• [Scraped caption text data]
——————————

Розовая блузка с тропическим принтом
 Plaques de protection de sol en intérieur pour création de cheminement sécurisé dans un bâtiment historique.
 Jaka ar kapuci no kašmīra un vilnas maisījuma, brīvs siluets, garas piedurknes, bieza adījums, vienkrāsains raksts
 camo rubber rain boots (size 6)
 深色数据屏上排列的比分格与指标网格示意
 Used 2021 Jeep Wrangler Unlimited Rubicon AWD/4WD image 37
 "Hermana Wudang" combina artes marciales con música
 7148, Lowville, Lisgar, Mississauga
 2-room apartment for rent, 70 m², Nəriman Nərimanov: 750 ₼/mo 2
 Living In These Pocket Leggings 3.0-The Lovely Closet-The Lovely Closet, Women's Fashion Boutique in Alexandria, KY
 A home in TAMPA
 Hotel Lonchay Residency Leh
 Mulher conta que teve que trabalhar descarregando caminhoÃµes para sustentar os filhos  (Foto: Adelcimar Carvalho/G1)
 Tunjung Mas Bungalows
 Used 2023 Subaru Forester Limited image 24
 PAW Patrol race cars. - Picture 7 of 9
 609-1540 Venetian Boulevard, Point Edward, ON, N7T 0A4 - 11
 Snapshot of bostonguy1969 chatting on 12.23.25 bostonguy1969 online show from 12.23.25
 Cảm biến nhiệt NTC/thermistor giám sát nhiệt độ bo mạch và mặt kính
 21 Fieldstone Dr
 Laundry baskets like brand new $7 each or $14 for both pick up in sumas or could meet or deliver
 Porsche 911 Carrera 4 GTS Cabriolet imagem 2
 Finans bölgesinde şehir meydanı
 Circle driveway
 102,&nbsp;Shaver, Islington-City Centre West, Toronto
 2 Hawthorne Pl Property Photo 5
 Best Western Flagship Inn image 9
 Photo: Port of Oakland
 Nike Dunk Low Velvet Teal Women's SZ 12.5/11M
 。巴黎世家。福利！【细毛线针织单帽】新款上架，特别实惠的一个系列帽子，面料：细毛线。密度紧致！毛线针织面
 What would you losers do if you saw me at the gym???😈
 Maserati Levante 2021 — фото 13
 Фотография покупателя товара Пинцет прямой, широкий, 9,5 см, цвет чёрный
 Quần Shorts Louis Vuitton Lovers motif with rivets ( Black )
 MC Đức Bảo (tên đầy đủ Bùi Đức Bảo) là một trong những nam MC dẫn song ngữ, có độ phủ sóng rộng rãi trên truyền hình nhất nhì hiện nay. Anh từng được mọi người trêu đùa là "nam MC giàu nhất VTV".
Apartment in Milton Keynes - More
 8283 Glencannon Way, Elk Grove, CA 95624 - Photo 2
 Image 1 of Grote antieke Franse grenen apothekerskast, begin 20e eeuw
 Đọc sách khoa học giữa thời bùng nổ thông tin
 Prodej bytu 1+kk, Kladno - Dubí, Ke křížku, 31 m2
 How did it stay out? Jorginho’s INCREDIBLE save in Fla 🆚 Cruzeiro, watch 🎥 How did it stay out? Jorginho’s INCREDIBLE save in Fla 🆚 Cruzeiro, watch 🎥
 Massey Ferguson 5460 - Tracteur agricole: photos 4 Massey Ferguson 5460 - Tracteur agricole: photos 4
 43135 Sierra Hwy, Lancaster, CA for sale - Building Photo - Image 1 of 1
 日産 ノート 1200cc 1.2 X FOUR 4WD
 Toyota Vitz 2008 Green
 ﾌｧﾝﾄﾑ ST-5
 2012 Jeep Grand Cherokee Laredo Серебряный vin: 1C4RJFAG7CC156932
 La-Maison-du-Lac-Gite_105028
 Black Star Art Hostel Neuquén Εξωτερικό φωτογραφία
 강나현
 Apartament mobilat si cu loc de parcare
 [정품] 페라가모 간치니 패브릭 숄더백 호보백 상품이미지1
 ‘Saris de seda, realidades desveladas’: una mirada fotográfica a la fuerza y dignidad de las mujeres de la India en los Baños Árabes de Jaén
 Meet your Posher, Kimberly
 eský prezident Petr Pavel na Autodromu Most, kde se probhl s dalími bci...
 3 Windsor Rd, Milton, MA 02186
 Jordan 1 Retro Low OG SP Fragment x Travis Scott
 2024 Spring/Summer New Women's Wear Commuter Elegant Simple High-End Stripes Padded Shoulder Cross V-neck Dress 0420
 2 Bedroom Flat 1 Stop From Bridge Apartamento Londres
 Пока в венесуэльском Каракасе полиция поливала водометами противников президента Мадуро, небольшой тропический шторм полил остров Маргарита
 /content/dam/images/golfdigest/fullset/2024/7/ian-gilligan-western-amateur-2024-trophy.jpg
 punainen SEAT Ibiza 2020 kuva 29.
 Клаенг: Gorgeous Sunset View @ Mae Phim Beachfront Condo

——————————

• [About this task] Both the first line of the data above and the line with "Cảm biến nhiệt" must be included; please return exactly those lines and the ones between them.

• [Answer box]
Розовая блузка с тропическим принтом
 Plaques de protection de sol en intérieur pour création de cheminement sécurisé dans un bâtiment historique.
 Jaka ar kapuci no kašmīra un vilnas maisījuma, brīvs siluets, garas piedurknes, bieza adījums, vienkrāsains raksts
 camo rubber rain boots (size 6)
 深色数据屏上排列的比分格与指标网格示意
 Used 2021 Jeep Wrangler Unlimited Rubicon AWD/4WD image 37
 "Hermana Wudang" combina artes marciales con música
 7148, Lowville, Lisgar, Mississauga
 2-room apartment for rent, 70 m², Nəriman Nərimanov: 750 ₼/mo 2
 Living In These Pocket Leggings 3.0-The Lovely Closet-The Lovely Closet, Women's Fashion Boutique in Alexandria, KY
 A home in TAMPA
 Hotel Lonchay Residency Leh
 Mulher conta que teve que trabalhar descarregando caminhoÃµes para sustentar os filhos  (Foto: Adelcimar Carvalho/G1)
 Tunjung Mas Bungalows
 Used 2023 Subaru Forester Limited image 24
 PAW Patrol race cars. - Picture 7 of 9
 609-1540 Venetian Boulevard, Point Edward, ON, N7T 0A4 - 11
 Snapshot of bostonguy1969 chatting on 12.23.25 bostonguy1969 online show from 12.23.25
 Cảm biến nhiệt NTC/thermistor giám sát nhiệt độ bo mạch và mặt kính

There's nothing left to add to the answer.